Confidence Intervals for Effect Size and Power

Basic Concepts

We can employ the same approach to create a confidence interval for a noncentrality parameter and, in turn, Cohen’s effect size as we used to calculate a confidence interval for the population mean (or the difference between population means).

We demonstrate two techniques for finding a confidence interval for Cohen’s effect size of the one-sample t-test. The approach for paired and independent t-tests is similar.

Confidence interval for effect size

Example 1: Find the 95% confidence interval for the effect size for Example 2 of One Sample t Test.
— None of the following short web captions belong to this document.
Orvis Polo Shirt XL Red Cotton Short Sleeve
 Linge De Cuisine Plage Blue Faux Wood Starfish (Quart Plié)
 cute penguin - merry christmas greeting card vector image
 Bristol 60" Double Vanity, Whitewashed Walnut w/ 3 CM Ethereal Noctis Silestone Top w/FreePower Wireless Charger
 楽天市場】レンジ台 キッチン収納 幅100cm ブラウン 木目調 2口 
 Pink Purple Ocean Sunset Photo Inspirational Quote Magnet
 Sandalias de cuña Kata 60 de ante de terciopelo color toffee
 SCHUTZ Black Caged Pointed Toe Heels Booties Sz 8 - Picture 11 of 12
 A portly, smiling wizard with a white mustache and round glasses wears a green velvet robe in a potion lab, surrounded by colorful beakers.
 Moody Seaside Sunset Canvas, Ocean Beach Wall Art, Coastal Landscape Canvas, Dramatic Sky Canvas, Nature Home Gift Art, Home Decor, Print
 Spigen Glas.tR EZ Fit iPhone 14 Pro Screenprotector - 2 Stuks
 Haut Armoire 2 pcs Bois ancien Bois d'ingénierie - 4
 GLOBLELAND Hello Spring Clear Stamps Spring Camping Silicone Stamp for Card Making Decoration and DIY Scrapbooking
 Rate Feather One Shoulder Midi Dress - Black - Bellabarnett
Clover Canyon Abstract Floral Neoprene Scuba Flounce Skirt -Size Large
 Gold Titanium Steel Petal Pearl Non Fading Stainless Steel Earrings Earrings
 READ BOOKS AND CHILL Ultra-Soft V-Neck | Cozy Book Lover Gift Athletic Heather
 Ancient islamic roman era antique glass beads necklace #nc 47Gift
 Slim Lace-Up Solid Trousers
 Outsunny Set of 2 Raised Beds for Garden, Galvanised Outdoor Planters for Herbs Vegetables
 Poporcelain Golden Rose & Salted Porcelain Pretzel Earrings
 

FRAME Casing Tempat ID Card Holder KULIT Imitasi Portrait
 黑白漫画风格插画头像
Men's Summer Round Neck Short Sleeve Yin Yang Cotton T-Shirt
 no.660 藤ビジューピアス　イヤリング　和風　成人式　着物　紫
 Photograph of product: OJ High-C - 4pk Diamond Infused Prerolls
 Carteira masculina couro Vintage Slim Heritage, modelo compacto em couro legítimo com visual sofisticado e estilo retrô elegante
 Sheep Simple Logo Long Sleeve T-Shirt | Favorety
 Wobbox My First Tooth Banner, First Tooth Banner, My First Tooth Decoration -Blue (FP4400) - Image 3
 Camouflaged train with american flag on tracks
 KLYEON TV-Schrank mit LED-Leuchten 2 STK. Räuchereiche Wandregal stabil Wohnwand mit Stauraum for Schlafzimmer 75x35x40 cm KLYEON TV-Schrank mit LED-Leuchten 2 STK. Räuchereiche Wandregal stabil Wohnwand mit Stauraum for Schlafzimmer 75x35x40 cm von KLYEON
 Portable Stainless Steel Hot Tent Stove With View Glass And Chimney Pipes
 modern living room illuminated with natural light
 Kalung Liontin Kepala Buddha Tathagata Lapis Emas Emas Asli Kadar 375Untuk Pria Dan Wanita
We duplicate the data from the example in Figure 1. The figure also contains the results of the one-sample t-test on this data based on the null hypothesis that the population mean is 78.

Figure 1 – One sample t-test

We see that Cohen’s effect size d is 0.569318 (cell L7). Since the sample mean of 68.4 (cell G7) is less than the hypothesized population mean of 78 (cell J9), we could consider Cohen’s effect size to be -0.569318, but we will continue to assume that the effect size is the positive value.

Using Goal Seek

To find the 95% confidence interval for d, we first find a 95% confidence interval for the noncentrality parameter δ. One of the endpoints of this interval is the value of δ such that NT_DIST(t, df, δ, TRUE) = .025 where t = 3.66393 (the absolute value of cell J7) and df = 39 (cell K7). We now show how to find the value of δ using the Goal Seek tool.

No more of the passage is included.